By Mike Cronin
The Senate trial of President Trump is fertile ground for misinformation and disinformation. We can’t fix the politics here, but at least we can examine the battlefield and the likely outcome. While the proceeding is a “trial,” it’s as much political theater as it is a legal hearing. Certainly, it does not operate under the same rules and standards as a criminal trial:
- The judge (Supreme Court Chief Justice John Roberts) may bang the gavel and make initial rulings on evidence and witnesses, but he has little or no standing to make final rulings on case law, facts, objections, and so forth. He is basically reduced to facilitating. His presence is essentially ceremonial. The Senate is “borrowing” the prestige of the court.
- The alleged offenses don’t necessarily have to be violations of any specific US Code. The House of Representatives can attempt to align almost any charge as a “misdemeanor” in order to meet the constitutional standard for impeachment: “Treason, Bribery, and High Crimes and Misdemeanors.” In effect, this is what the House did by charging the president with “Abuse of Power” and “Obstruction of Congress.”
- By the same token, the Senate can acquit the president on the grounds that the charges in the Articles of Impeachment are not Treason, Bribery, High Crimes, or Misdemeanors, or indeed crimes at all, and thus are not impeachable offenses. As of press time, all indications are that this is what will occur.

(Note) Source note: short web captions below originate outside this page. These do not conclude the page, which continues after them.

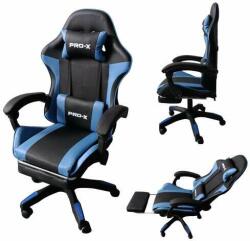 PRO-X GOBORELAX Scaun gamer cu suport pentru picioare și funcție de masaj - albastru-negru (BM028)
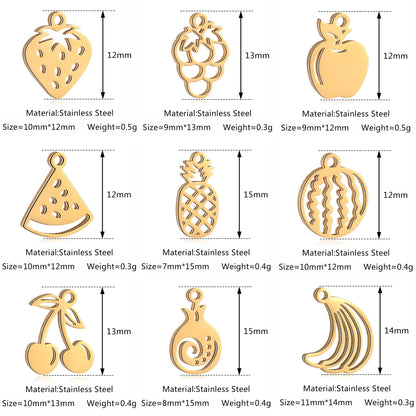 5pcs Stainless Steel Fruit Charms – Strawberry, Cherry, Pineapple & Watermelon Pendants for DIY Bracelets & Necklace Jewelry Making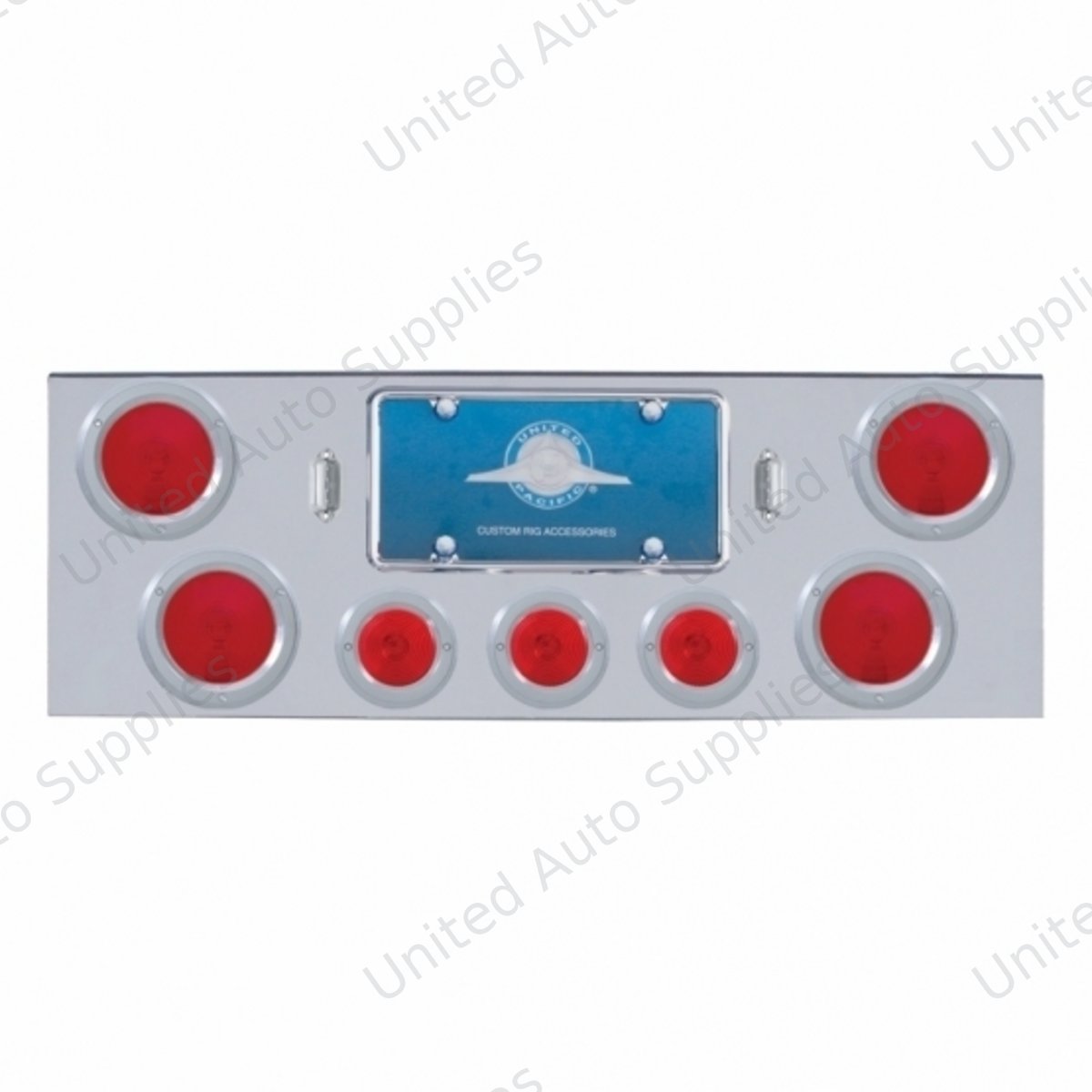 Chrome Rear Center Panel With Four 4" Lights & Three 2.5" Lights & Bezels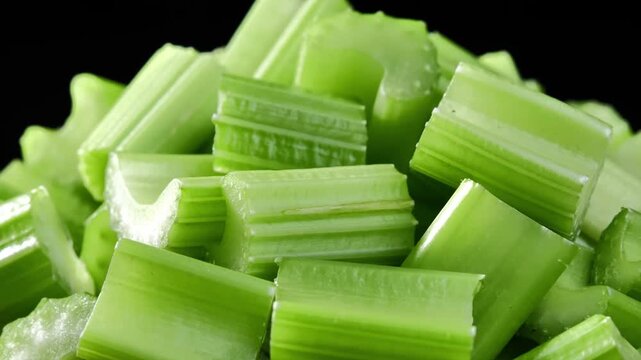 Close-Up of Fresh Sliced Celery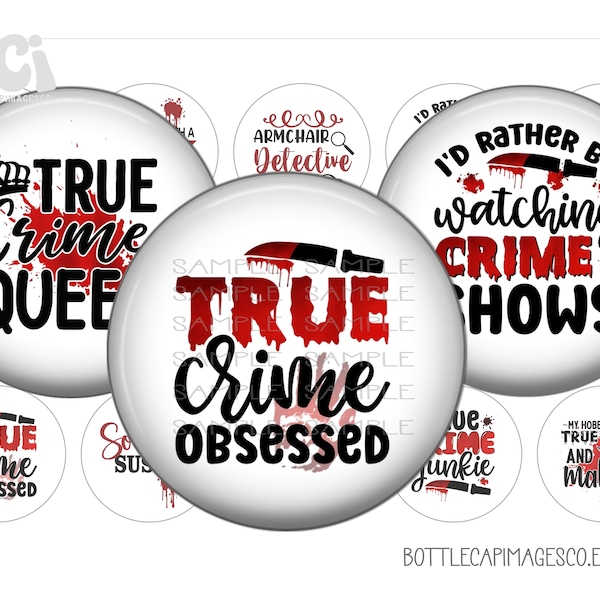 True Crime Bottle Cap Images, Crime Show Bottlecap Images, BCI 1 inch 25mm Circles, 4X6 Digital Collage, Crime Scene Images, Murder, Blood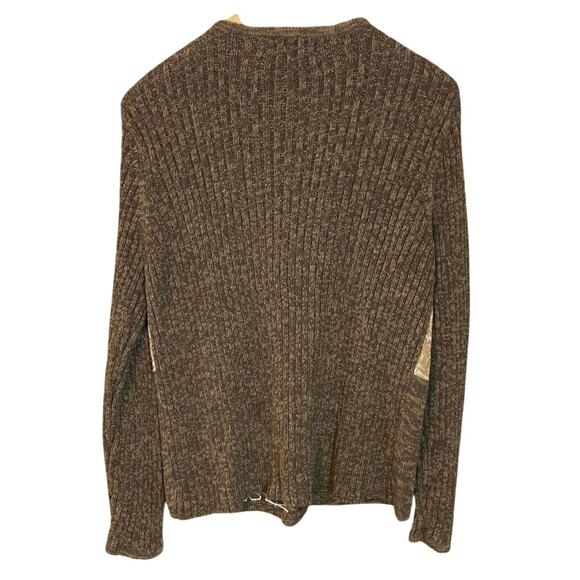 VTG Tiara International Santa Gifts Christmas zip Cardigan Sweater Medium Brown - Picture 3 of 7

- The Standards of Evidence are whatever the Senate agrees they are. Witnesses can be called, or not, according to the whim of the Senate. (Indeed, the Senate did not call witnesses.)
- The standard for conviction is not “proof beyond reasonable doubt,” or even “the preponderance of the evidence.” It is whatever 2/3rds of the Senate says it is.
- Jurors at trial are supposed to be impartial. However, Senate Jurors don’t don’t take the same oath us regular folks take to sit on a jury. The Senators’ oath says the following (emphasis added):
Senators are compelled to “do impartial justice according to the Constitution and laws.” Note that they are not precisely compelled to actually be impartial about the facts, the evidence, the the defendant, or the allegations, only about doing “justice.” You might think that the distinction is hair-splitting. You might even be right – but meticulous adherence to the exact meaning of words and phrases – hair splitting – is the bread-and-butter of lawyers, no?
So what does that bode for the trial?
The safe bet is that 100 Senators will split into two camps as to what “do impartial justice according to Constitution and laws” means. One camp will see “doing justice to the Constitution and laws” as “requiring strict interpretation of the standards for impeachment,” while the other side will interpret “doing justice” to mean something more along the lines of “disposing of something offensive.”
In other words: All but a handful of Republican Senate Jurors will vote to acquit the president. They will justify their action by asserting the Speaker of the House initiated the impeachment investigation without consent of the full House, which alone has sole authority to conduct impeachment proceedings; and that the House did not follow its own rules during the impeachment investigation, did not provide the president with due process, and failed to even allege the president committed actual, citable violations of US Code, let alone prove he committed impeachable offenses. Meanwhile, all of the Democrat Senators and perhaps the aforementioned handful of Republicans, will vote to convict, justifying that decision with their belief that the president is an offense who deserves to be convicted of something, and that the allegations in the Articles of Impeachment were impeachable and were already adequately “proven” by witness testimony in the House investigation. The votes to convict are highly unlikely to meet the required threshold of 66 (2/3rds of the Senate), so the president is all but sure to be acquitted.